Quelles peurs ? On peut en percevoir deux. La plus immédiate, le peur de la réprobation sociale. De la loi. Une naissance hors le cadre du mariage. Quelle honte pour un homme qui n’a pas su « tenir sa femme » comme disent les « braves gens. » La risée de tous ! Et puis l’opprobre du parfum de scandale pour la femme. On ne peut se laisser contaminer par cette infamie ! Vous savez tous combien cette peur est immense. Si vous saviez combien elle est tapie en chacun de nous ! « Ne crains pas de prendre chez toi Marie, ton épouse. »

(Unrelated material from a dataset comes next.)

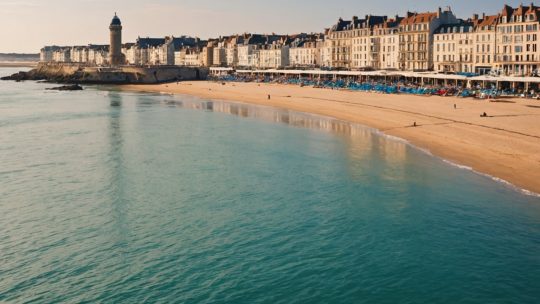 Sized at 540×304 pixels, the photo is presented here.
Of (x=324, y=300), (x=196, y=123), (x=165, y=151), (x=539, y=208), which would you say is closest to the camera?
(x=324, y=300)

Une autre peur, moins immédiate à discerner, plus complexe… un enfant qu’entoure un voile de mystère. Peur d’assumer une paternité à l’égard de ce qui ne vient pas de soi ! En serais-je capable, digne ? Est-ce à moi de le faire ? Qu’est-ce qu’être père ? « Ne crains pas Joseph de prendre l’enfant qui est engendré de l’Esprit. C’est toi qui lui donnera son nom : Jésus. »

 

Alors, quel est donc le chemin nouveau, l’autre voie, lumineuse, une fois chassée la peur ? D’abord Joseph, c’est celle qui t’engagera, toi. Tu ne seras pas mis à l’écart de la solution. Et la vraie justice a un prix pour soi. On ne peut s’en dédouaner. Ensuite, oui, tu prendras sur toi l’opprobre qui ne manquera pas de tomber sur ton épouse. Ainsi est l’amour véritable. Qui prend sur lui aussi la charge de l’autre, le poids de son existence. Et le mystère qui t’effraie, celui d’une vie qui ne vient pas de toi, cela aussi tu le prendras sur toi. Tu seras le berger d’une vie dont tu n’es pas l’origine. N’est-ce pas une dimension de la paternité ?

 

Voilà pourquoi, Joseph, tu t’es ajusté à la sainteté du Dieu que tu sers. Lui qui va porter la l’opprobre de l’humanité, être identifié au criminel, jugé comme tel. Et pourtant, disait déjà le prophète : « c’était nos douleurs, nos péchés qu’il portait, comme un serviteur souffrant. »

Saint Joseph, comment ne pas te confier tous les pères de ce monde pour qu’ils chassent de leur cœur la peur, pour qu’ils adoptent les enfants de ce monde comme les leurs, et que cesse alors leur violence. Pour qu’ils deviennent les bergers de la vie naissante, fragile, qui se donne entre leurs mains. Implorant qu’ils l’adoptent et la protègent.